I have 3 hours before bedtime and I just have to write something, however crapped out it turns out. One more time to make me feel better? Boy, do I loathe this day and hope it is over soon so I can wake up feeling much better. I hope writing about this helps me tonight!

Wednesday, December 12, 2007

It hurts so bad.

That's right: reading an essay that quotes Zizek and Lacan's work. Why do I do this? Why do I give myself headaches? Why the compulsion to repeat? Is it really to master trauma?

One more week to go and I am free, sort of. So mentally exhausted. I can hibernate for a whole month.

Wednesday, December 05, 2007

breaking tasks

I need to learn to break assignments into smaller, managable tasks because I find myself all too frequently overwhelmed in the end. SMALLER TASKS.

what is the task tonight?

read novel and highlight or type out quotes that might be of use for rough draft.

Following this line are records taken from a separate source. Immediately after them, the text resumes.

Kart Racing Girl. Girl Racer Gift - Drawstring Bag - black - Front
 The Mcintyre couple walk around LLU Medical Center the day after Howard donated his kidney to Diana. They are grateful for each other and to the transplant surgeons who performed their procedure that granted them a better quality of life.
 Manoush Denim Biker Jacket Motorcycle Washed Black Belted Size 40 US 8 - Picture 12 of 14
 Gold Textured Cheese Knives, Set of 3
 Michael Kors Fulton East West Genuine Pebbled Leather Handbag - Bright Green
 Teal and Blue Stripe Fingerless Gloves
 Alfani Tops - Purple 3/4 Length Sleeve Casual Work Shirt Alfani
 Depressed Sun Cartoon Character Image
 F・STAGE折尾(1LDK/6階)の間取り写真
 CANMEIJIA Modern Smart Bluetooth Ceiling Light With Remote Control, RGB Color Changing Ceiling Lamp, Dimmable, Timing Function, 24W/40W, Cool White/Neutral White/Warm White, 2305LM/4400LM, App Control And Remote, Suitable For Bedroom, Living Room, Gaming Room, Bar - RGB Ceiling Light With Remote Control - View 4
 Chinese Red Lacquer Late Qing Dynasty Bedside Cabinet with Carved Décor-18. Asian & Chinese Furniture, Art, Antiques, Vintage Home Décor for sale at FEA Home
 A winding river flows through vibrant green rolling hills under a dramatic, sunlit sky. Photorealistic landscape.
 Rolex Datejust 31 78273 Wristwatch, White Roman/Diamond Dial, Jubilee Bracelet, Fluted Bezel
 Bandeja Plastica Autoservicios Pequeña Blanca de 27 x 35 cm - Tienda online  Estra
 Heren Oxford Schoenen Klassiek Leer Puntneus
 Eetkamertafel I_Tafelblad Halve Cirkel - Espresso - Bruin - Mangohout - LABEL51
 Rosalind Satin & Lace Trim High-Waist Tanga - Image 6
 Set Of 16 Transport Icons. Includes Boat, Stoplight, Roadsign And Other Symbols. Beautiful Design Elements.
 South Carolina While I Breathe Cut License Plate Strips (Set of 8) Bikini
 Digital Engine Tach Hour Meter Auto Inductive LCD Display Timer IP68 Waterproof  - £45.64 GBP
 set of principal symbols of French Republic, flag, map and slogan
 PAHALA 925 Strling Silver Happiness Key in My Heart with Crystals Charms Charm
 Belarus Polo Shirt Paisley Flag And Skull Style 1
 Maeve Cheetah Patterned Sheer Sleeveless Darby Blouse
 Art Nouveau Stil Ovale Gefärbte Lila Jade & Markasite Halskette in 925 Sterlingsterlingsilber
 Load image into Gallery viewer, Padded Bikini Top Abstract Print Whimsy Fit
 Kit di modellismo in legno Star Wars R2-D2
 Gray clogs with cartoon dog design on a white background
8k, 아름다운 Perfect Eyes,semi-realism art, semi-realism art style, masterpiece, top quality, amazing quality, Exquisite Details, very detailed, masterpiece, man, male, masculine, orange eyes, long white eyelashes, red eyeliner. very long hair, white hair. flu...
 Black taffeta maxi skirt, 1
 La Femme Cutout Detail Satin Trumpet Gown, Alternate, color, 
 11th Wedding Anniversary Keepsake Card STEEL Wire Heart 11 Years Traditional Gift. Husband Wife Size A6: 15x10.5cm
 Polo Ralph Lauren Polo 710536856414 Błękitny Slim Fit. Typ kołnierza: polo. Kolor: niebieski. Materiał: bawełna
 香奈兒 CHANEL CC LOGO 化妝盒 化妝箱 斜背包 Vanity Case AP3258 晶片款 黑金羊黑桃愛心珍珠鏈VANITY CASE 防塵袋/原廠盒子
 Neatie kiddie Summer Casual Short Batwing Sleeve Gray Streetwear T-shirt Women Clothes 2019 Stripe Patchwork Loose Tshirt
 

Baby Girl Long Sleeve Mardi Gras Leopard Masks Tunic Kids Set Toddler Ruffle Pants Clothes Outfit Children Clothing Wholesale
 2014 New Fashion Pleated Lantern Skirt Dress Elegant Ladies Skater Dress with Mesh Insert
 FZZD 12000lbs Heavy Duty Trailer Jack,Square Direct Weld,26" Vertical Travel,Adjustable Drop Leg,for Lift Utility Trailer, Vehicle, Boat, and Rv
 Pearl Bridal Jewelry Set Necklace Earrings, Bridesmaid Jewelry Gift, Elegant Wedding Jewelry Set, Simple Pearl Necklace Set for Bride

read short story and do the same.

Thursday: must start developing papers.
Write random blurbs about Barthelme.
oh yah, Indian paper
and then Derrida paper
Gah!

Wednesday, November 28, 2007

unlearning

Sometimes -- particularly the rough times -- I feel like everything I thought I knew I now don't know; and what I once believed in has now totally dissolved into questions. what gives? don't I know this? Wait -- is this finals week and hence the existential doubts?


yes, yes, yes

Tuesday, October 30, 2007

blue

Sometimes I wonder if I will ever be satisfied with anything--writing, relationships, myself? Lately I've been feeling like nothing is enough these days. It's not an insatiable hunger per se, but just not feeling confident or too comfortable with one's abilities, intelligence, etc. I know self-doubt frequently visits me, but just the past few days it has been even more apparent. I wonder if I will ever truly accept anything and just be damn happy with what I have before me and what I have experienced. I have to remind myself to just go with the flow and stop worrying so much. Maybe I need to say that again -- stop worrying.

Incidentally, I got an A on the last paper, which is great but so anticlimactic. Why? because no one really cares about grades in grad school, and my paper was relatively uninteresting and thus lame effort. That is to say that I don't think the little exercise helped me develop further along the big project. So what now?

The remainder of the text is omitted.